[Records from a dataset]
[Start of Attachment]

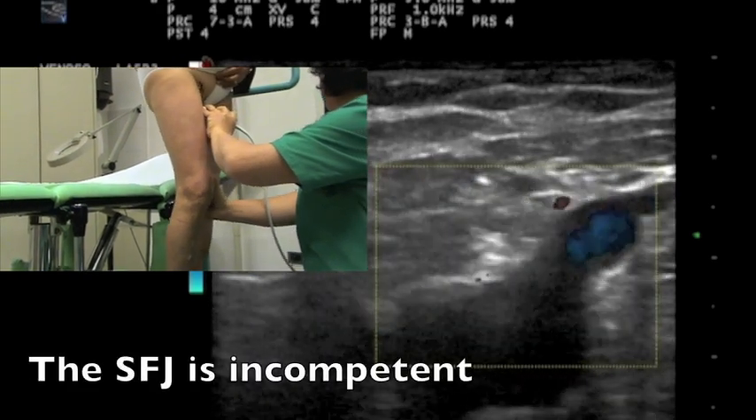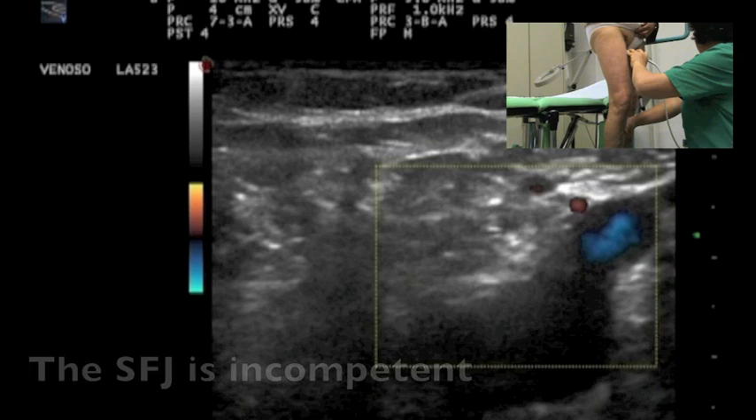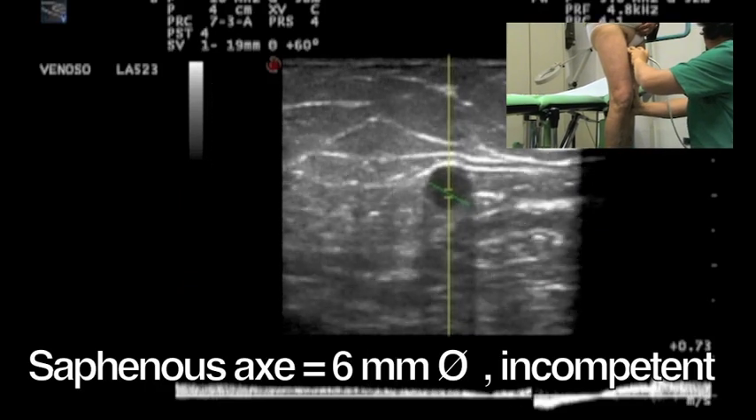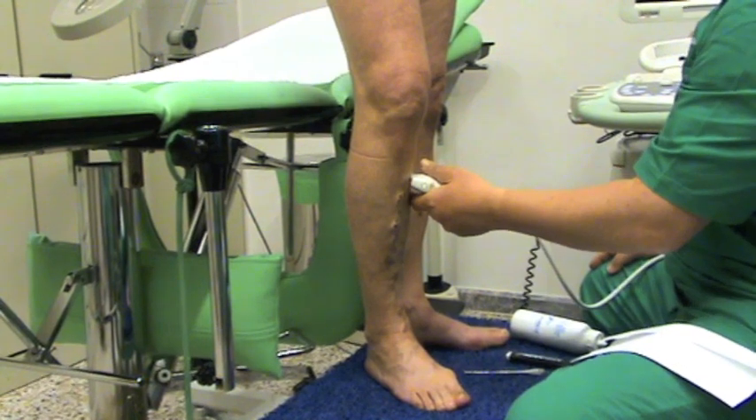We successfully test the great saphenous vein terminal valve and saphenous trunk competence, and then we identify the location of the distal re-entry perforators.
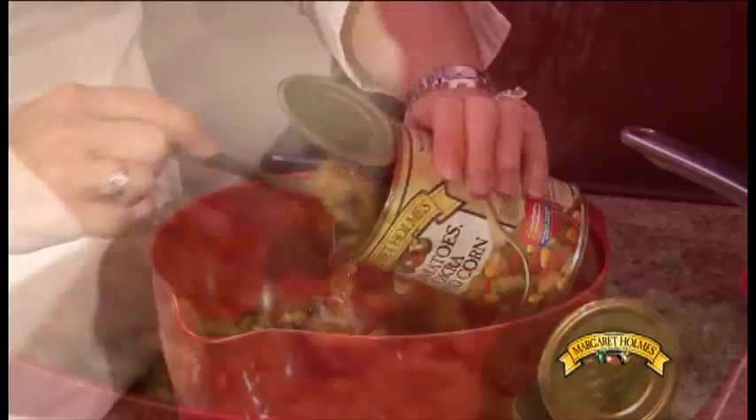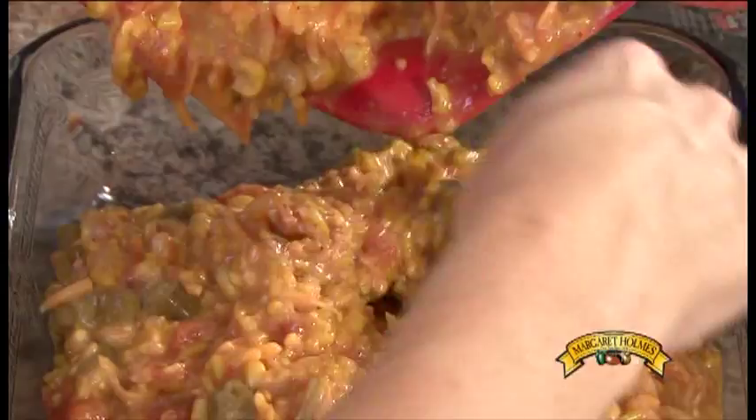Next, spoon your mixture into a two-quart, nine-inch deep casserole dish, and bake it at 350 degrees for 30 minutes. Top the mixture with the remaining half a cup of cheese, and bake for 10 minutes.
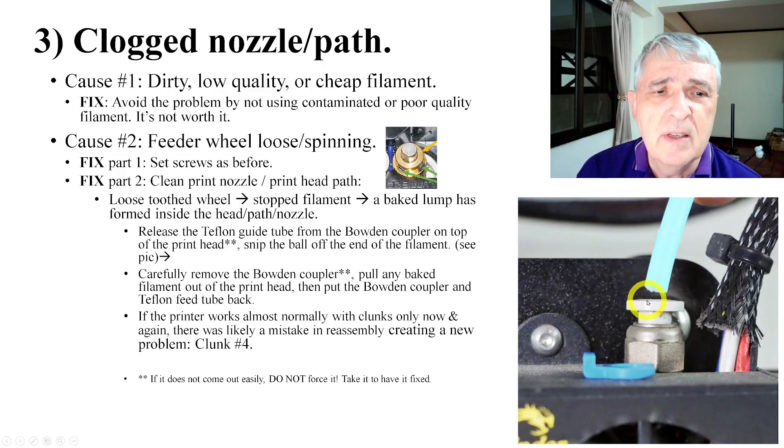There'll be a ball of stuff — I'll show you a picture of that. You carefully remove the Bowden coupler. If you don't know what you're doing, don't do this. Then put the Bowden coupler and Teflon feed back after you clean it out underneath.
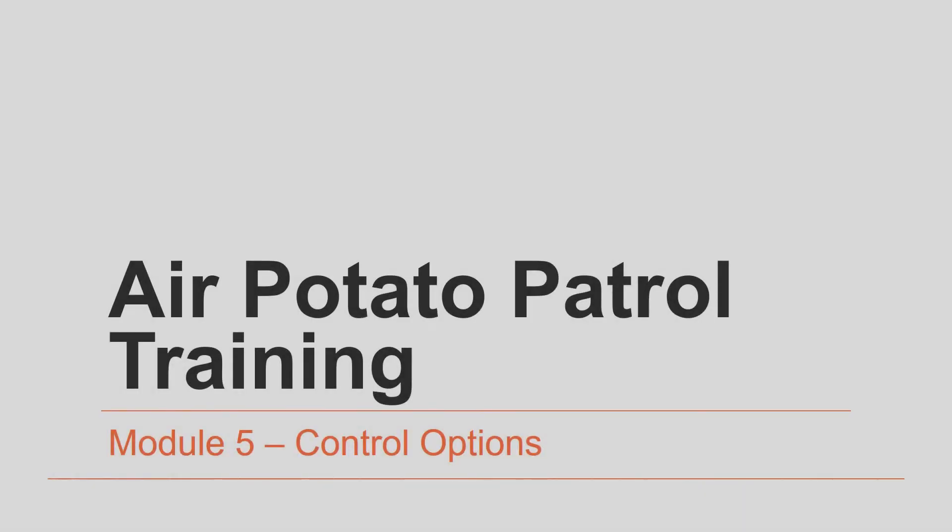Welcome to module 5 of the air potato patrol training. In this module we're going to cover some of the different control options that have been used to combat air potato vines, how effective these options are, and some of their shortcomings.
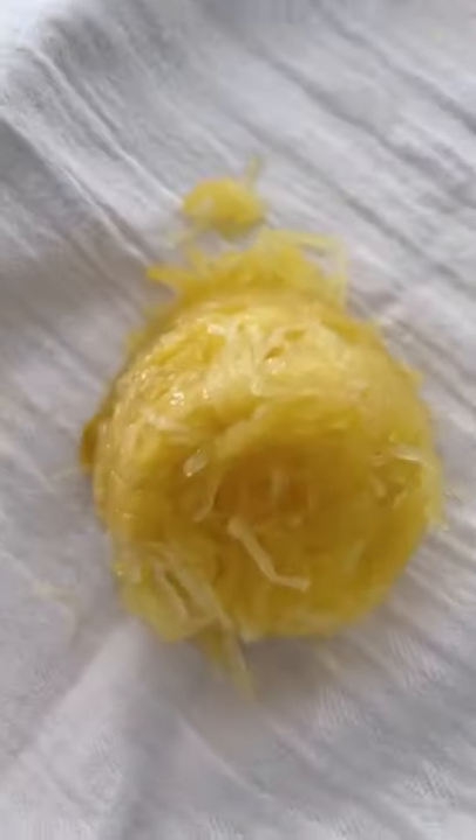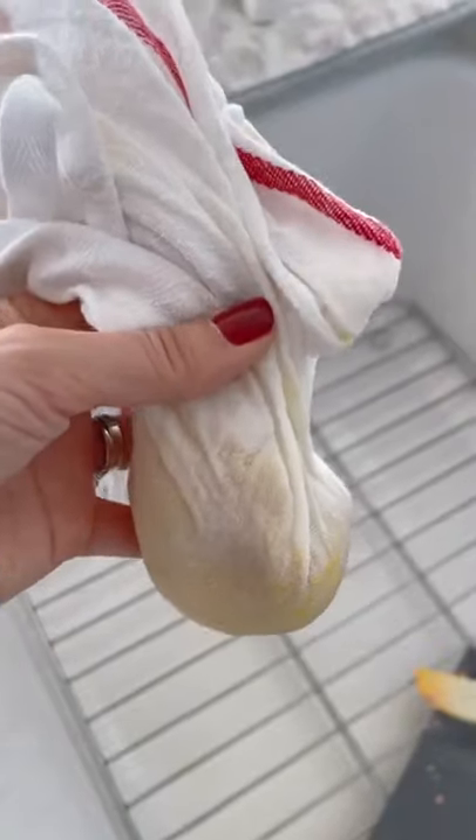Then cut it in half and use a fork to scrape the spaghetti-like strands. It does have a lot of water, so I like to put it in a clean dishcloth and squeeze it well. Then you can use it in any recipe you wish.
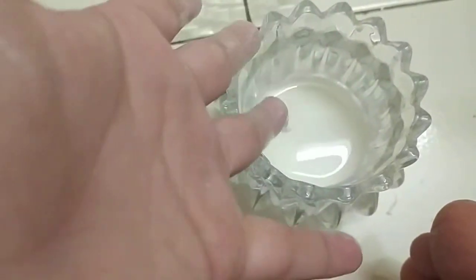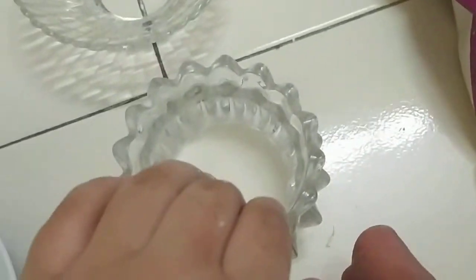If it's not ready yet, just wait for a little while and it becomes oobleck. If you wait a few minutes and it doesn't work, just add some more cornstarch.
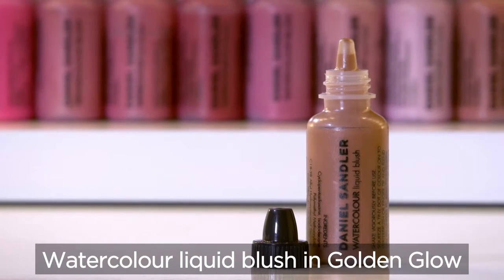Taking a watercolour liquid blush in Golden Glow, this is going to add another dimension to my makeup look. I'm popping it on the apples of my cheeks — I'm going to use my fingers actually. I always like to smile at myself when I do this so I really know where the apples of my cheeks are. It's a nice way to start the morning as well, smiling at yourself. I'm just working up the cheekbone like so.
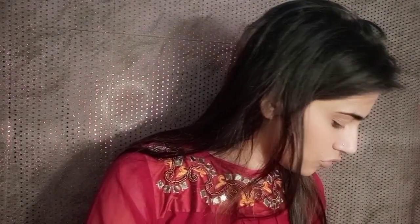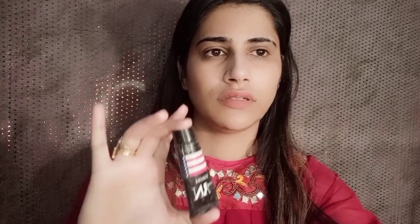First of all, you have to moisturize your face so it doesn't dry out. After that, I am going to apply primer.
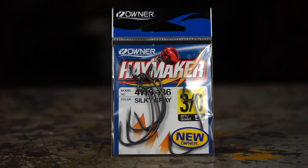Based on these results, the winner goes to the Owner Haymaker. If you're already using any of these hooks and you like them, I would stick with what works for you — this is just my way of collecting some data. Thanks for tuning in to this episode of Does It Matter. If there's any fishing equipment you want to see me test, leave it in the comments below. Thanks for watching.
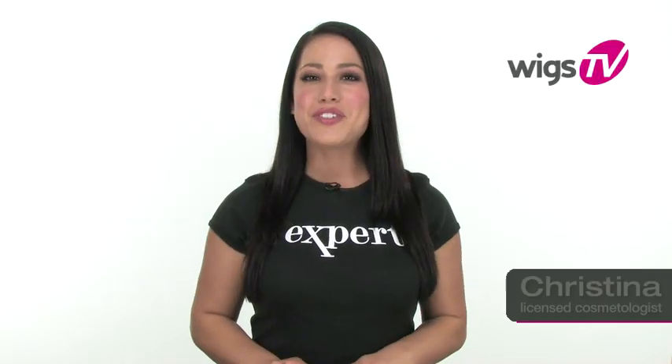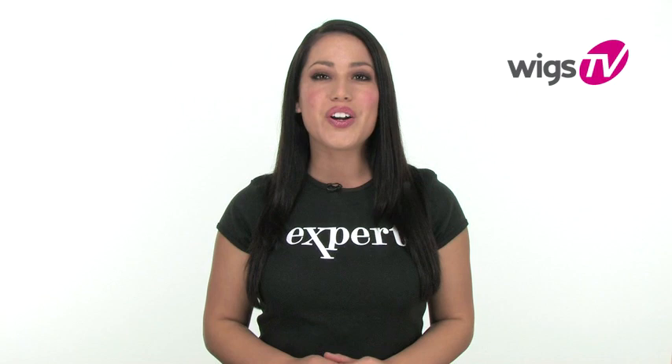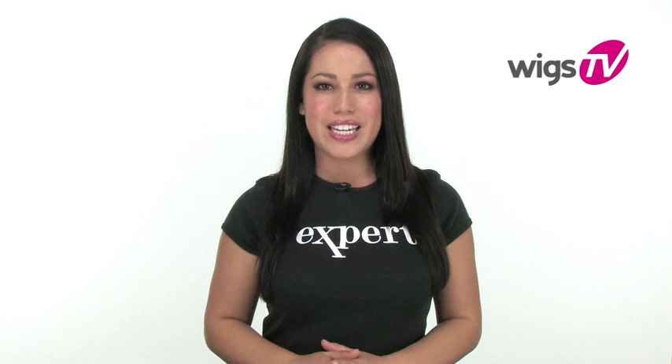Hi, I'm Christina, and today we'll be showing you how to put on a wig. Wigs are easy to apply, and if you choose the right size, your wig should fit comfortably and securely in place.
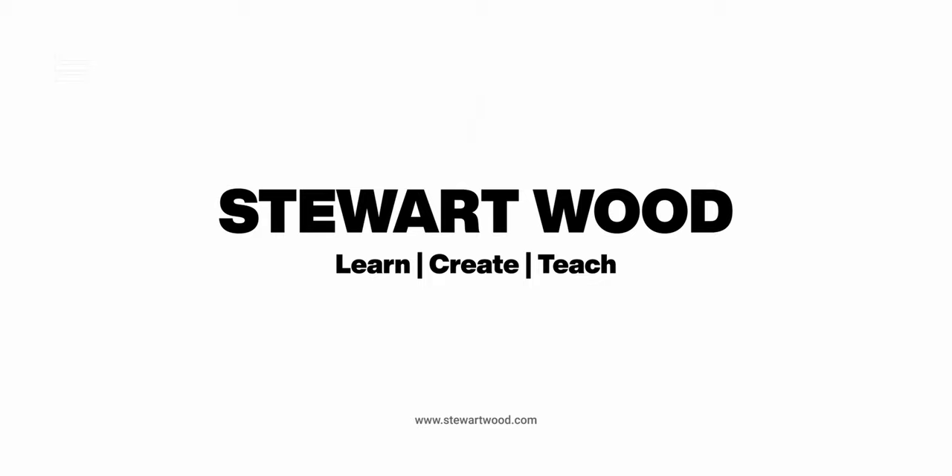The latest update for Adobe Lightroom introduces a Denoise AI — but is it any good? Let's find out. A couple of days ago Adobe updated Lightroom and introduced a Denoise AI, so we're going to take a look at that in this video.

[End of Attachment]

WHAT IS EXPECTED: Between and including the line above that contains "Next, spoon your" and the line that contains "First of all, you", restate every line word for word. Pictures stay out.

OUTPUT:
Next, spoon your mixture into a two-quart, nine-inch deep casserole dish, and bake it at 350 degrees for 30 minutes. Top the mixture with the remaining half a cup of cheese, and bake for 10 minutes.
There'll be a ball of stuff — I'll show you a picture of that. You carefully remove the Bowden coupler. If you don't know what you're doing, don't do this. Then put the Bowden coupler and Teflon feed back after you clean it out underneath.
Welcome to module 5 of the air potato patrol training. In this module we're going to cover some of the different control options that have been used to combat air potato vines, how effective these options are, and some of their shortcomings.
Then cut it in half and use a fork to scrape the spaghetti-like strands. It does have a lot of water, so I like to put it in a clean dishcloth and squeeze it well. Then you can use it in any recipe you wish.
If it's not ready yet, just wait for a little while and it becomes oobleck. If you wait a few minutes and it doesn't work, just add some more cornstarch.
Taking a watercolour liquid blush in Golden Glow, this is going to add another dimension to my makeup look. I'm popping it on the apples of my cheeks — I'm going to use my fingers actually. I always like to smile at myself when I do this so I really know where the apples of my cheeks are. It's a nice way to start the morning as well, smiling at yourself. I'm just working up the cheekbone like so.
First of all, you have to moisturize your face so it doesn't dry out. After that, I am going to apply primer.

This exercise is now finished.